*Task goal*
Within the listing below, give again exactly the lines between the one containing "Junior Suite Ocean" and the one containing "Classy Lady | Canvas", inclusive, pictures left aside.

*Dataset records*
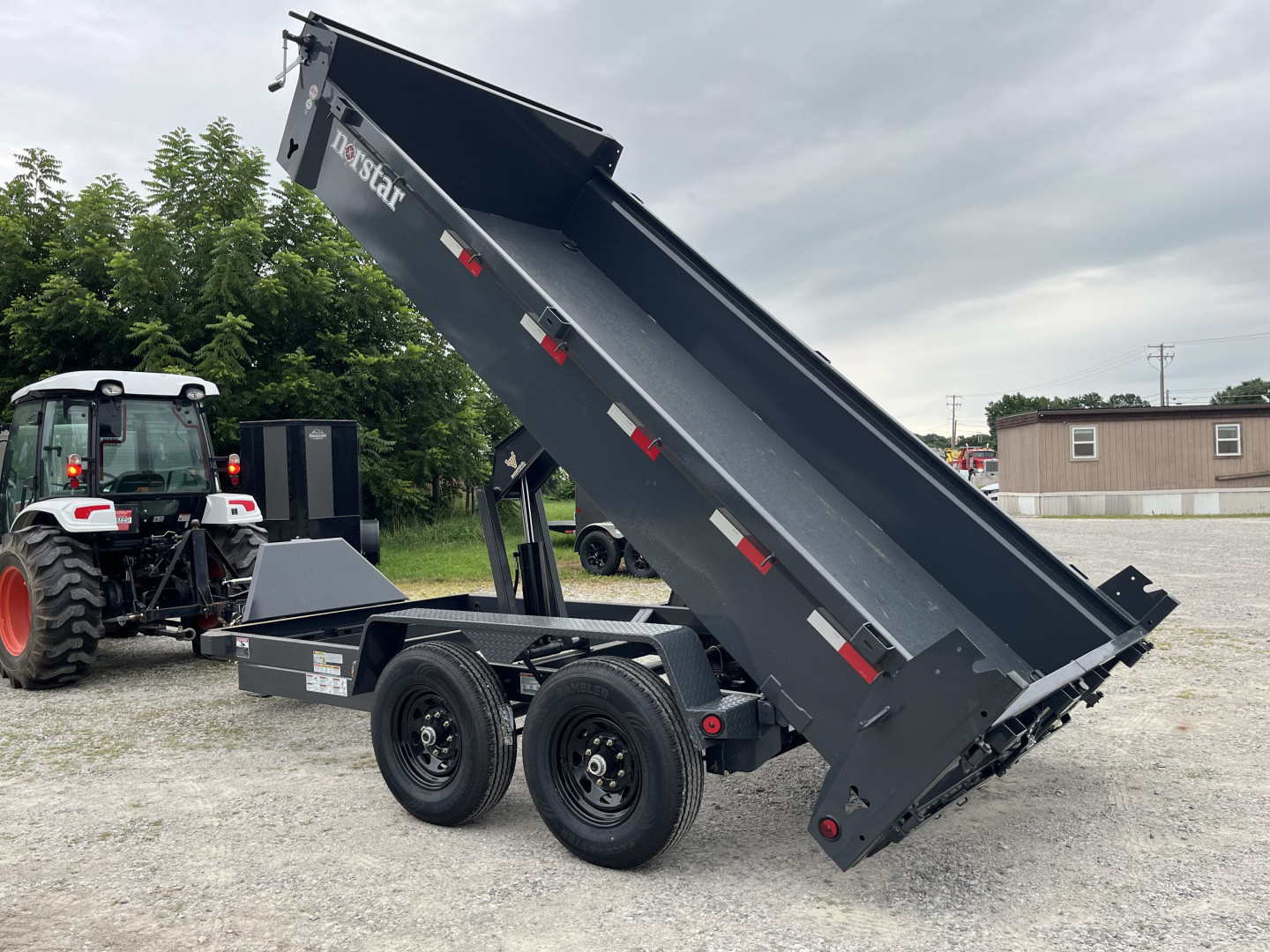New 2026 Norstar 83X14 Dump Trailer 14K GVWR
* * *
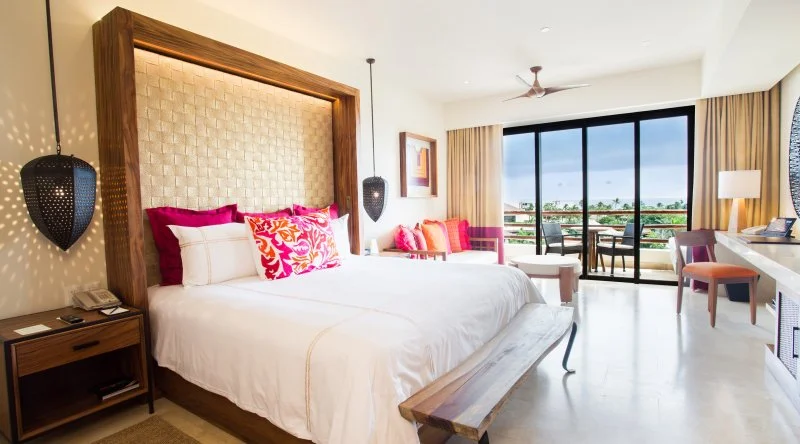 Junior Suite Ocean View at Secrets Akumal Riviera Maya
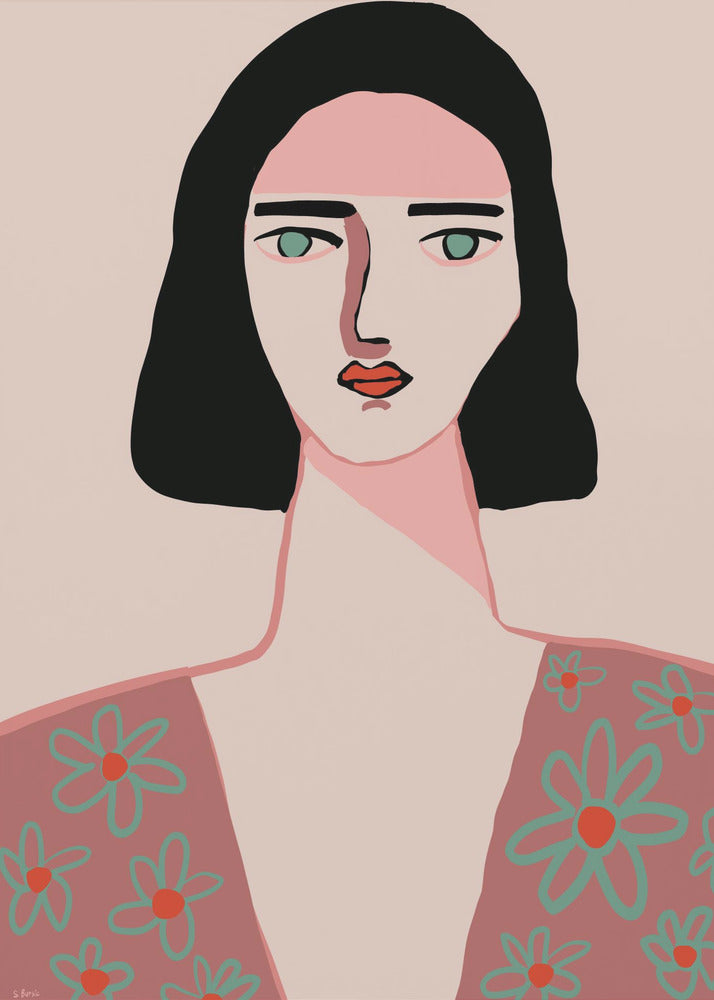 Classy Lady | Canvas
--
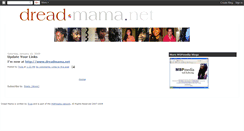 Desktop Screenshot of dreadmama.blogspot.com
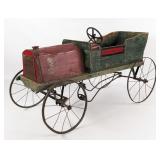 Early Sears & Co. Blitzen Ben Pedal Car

*Reply*
 Junior Suite Ocean View at Secrets Akumal Riviera Maya
 Classy Lady | Canvas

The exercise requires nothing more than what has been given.